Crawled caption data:
------------------------------------------------------------------------
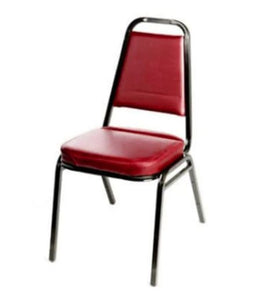 Oak Street SL2082RED Metal Square Stack Chair Black with Red Vinyl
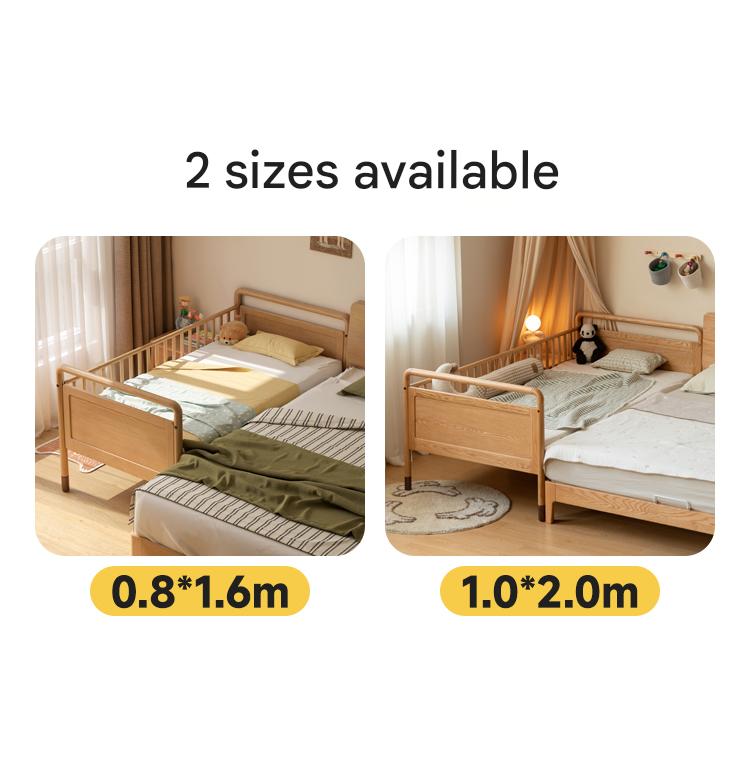 Premium Oak Solid Wood Toddler Bed - Convertible, Multi-Functional Kids Bed with Safety Rails | Perfect for Nursery, Daycare & Small Bedrooms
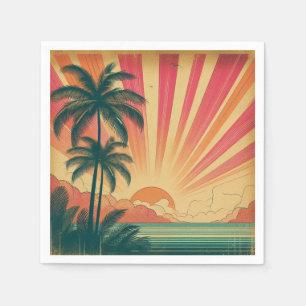 Guardanapo De Papel Sol retrô/vintage tropical/havaiano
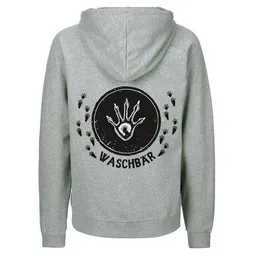 HANDGEDRUCKT HANDGEDRUCKT "Trittsiegel WaschBär" Männer Zip Hoody aus reiner Biobaumwolle (kbA) – Produktbild 1 von 1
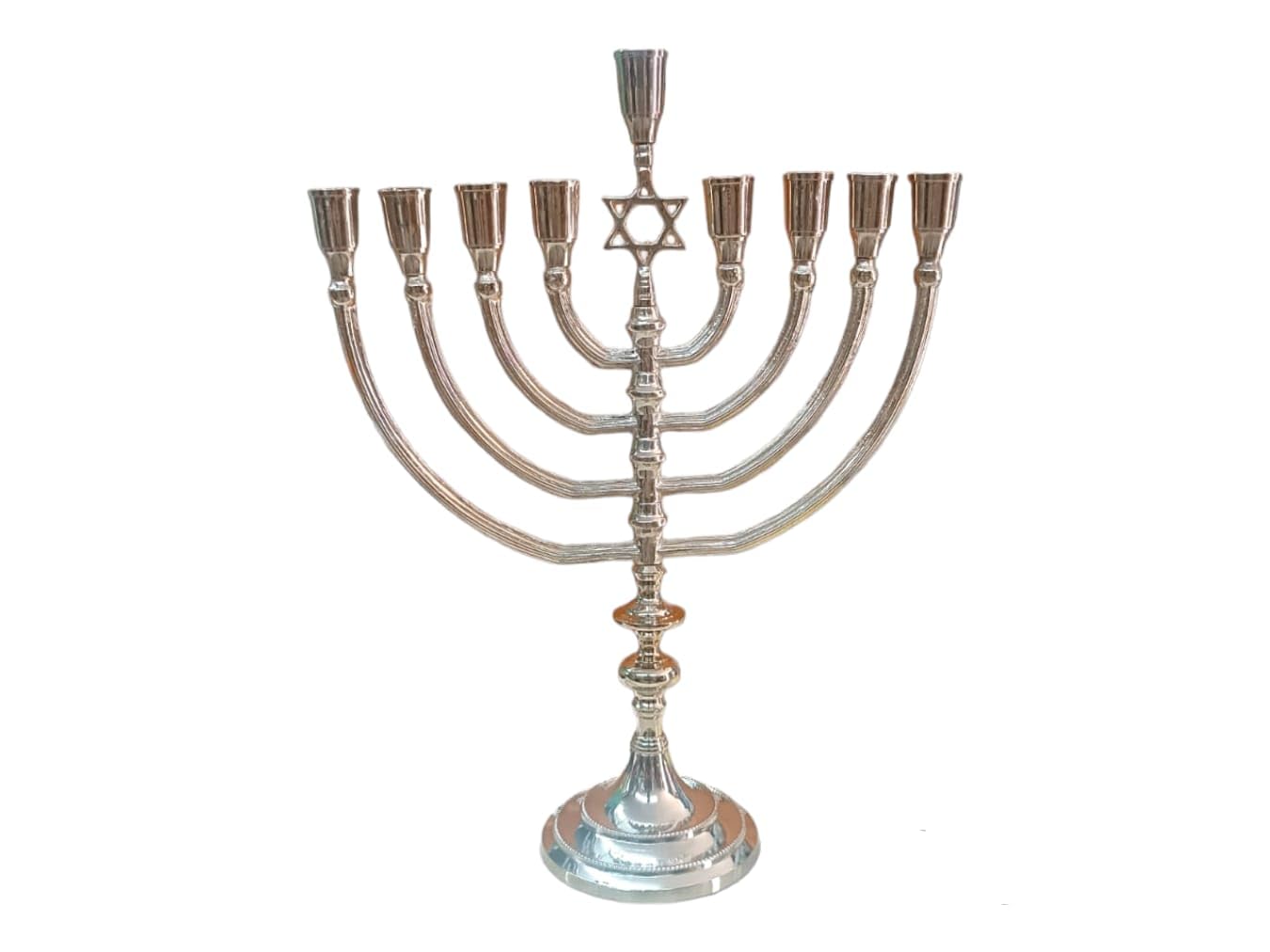 Hanukkah hanukkiahs Hamukkia Hanukkiah menorah Menora 9 Branches Branch Brass (Nickel Silver, 14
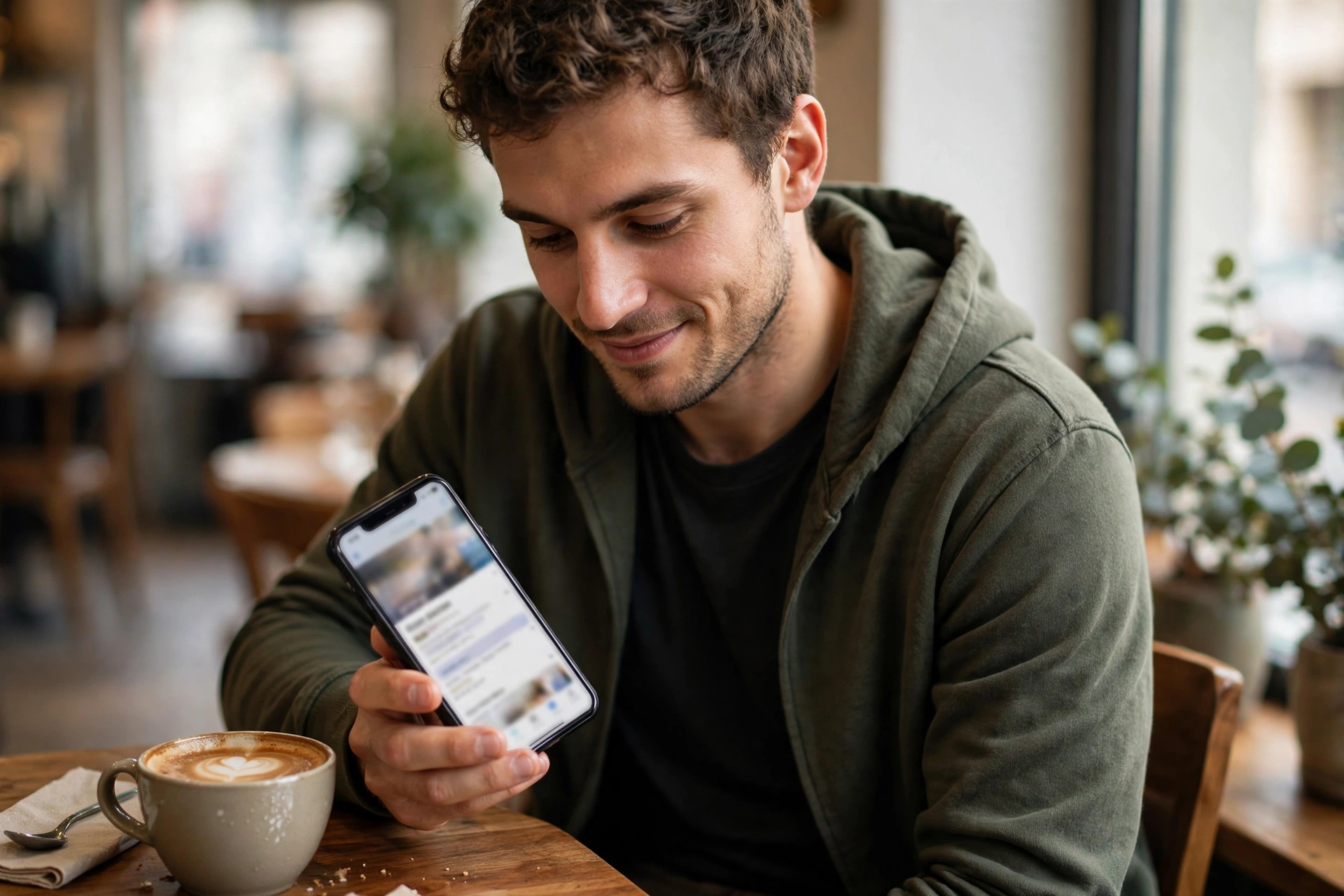 Man at a café reading a Hinge profile on his phone and thinking about how to start a conversation on Hinge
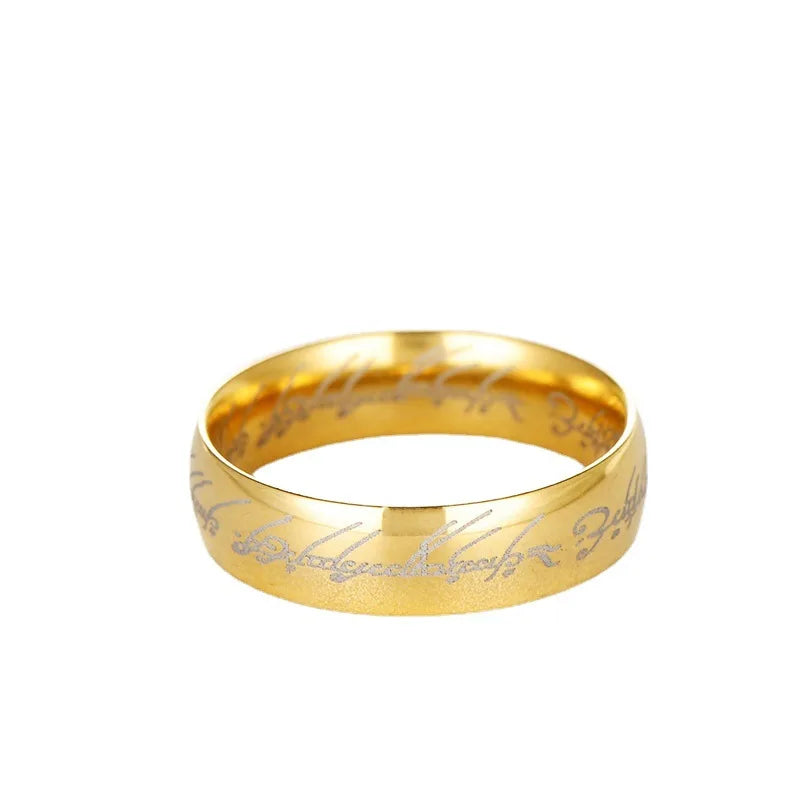 Men Stainless Steel Laser Engraving Exquisite Ring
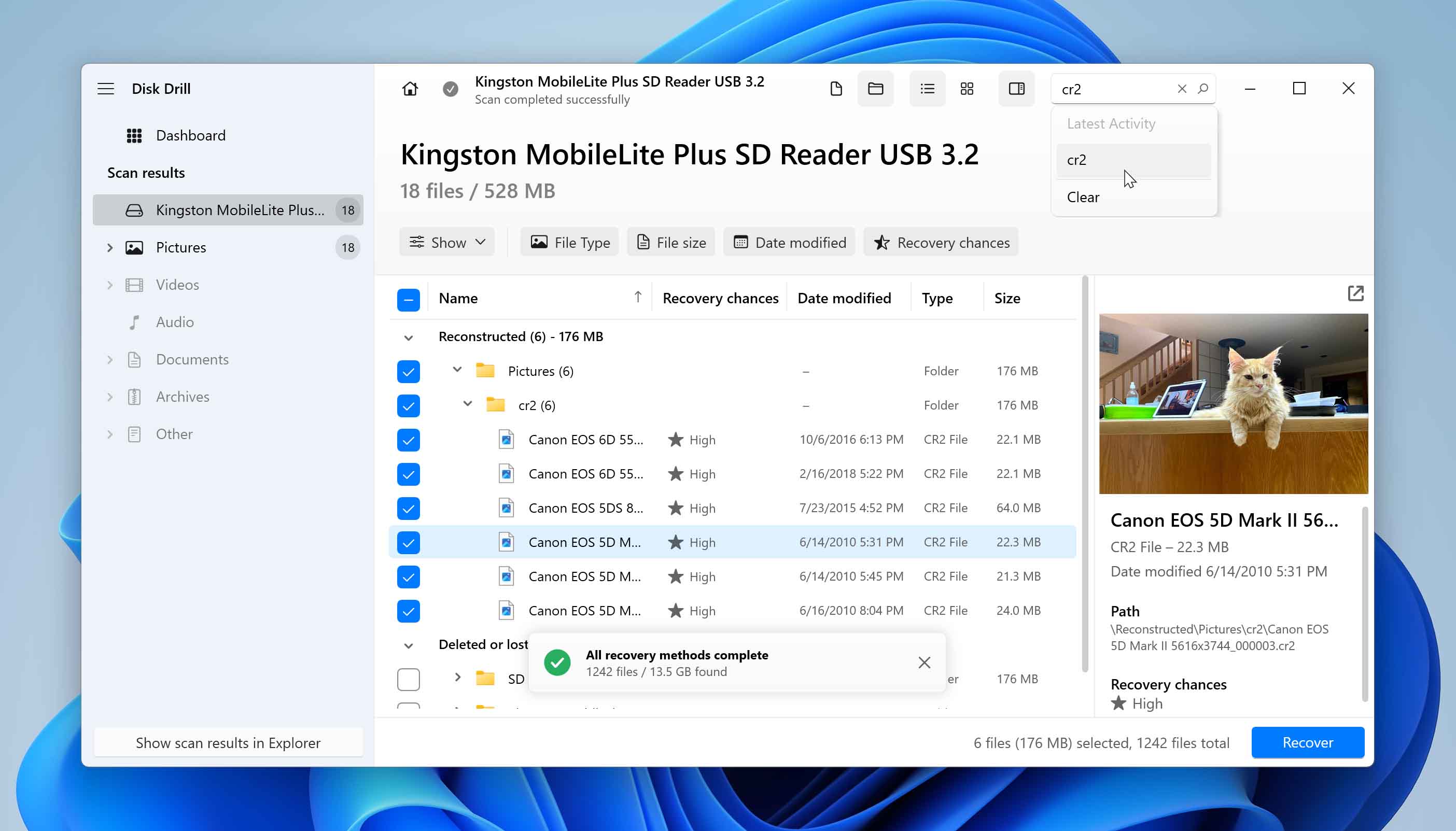 Search CR2 files in scan results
------------------------------------------------------------------------
Directions for this task: Your copy of the entries should be exact and free of pictures.

Output for this exercise:
 Oak Street SL2082RED Metal Square Stack Chair Black with Red Vinyl
 Premium Oak Solid Wood Toddler Bed - Convertible, Multi-Functional Kids Bed with Safety Rails | Perfect for Nursery, Daycare & Small Bedrooms
 Guardanapo De Papel Sol retrô/vintage tropical/havaiano
 HANDGEDRUCKT HANDGEDRUCKT "Trittsiegel WaschBär" Männer Zip Hoody aus reiner Biobaumwolle (kbA) – Produktbild 1 von 1
 Hanukkah hanukkiahs Hamukkia Hanukkiah menorah Menora 9 Branches Branch Brass (Nickel Silver, 14
 Man at a café reading a Hinge profile on his phone and thinking about how to start a conversation on Hinge
 Men Stainless Steel Laser Engraving Exquisite Ring
 Search CR2 files in scan results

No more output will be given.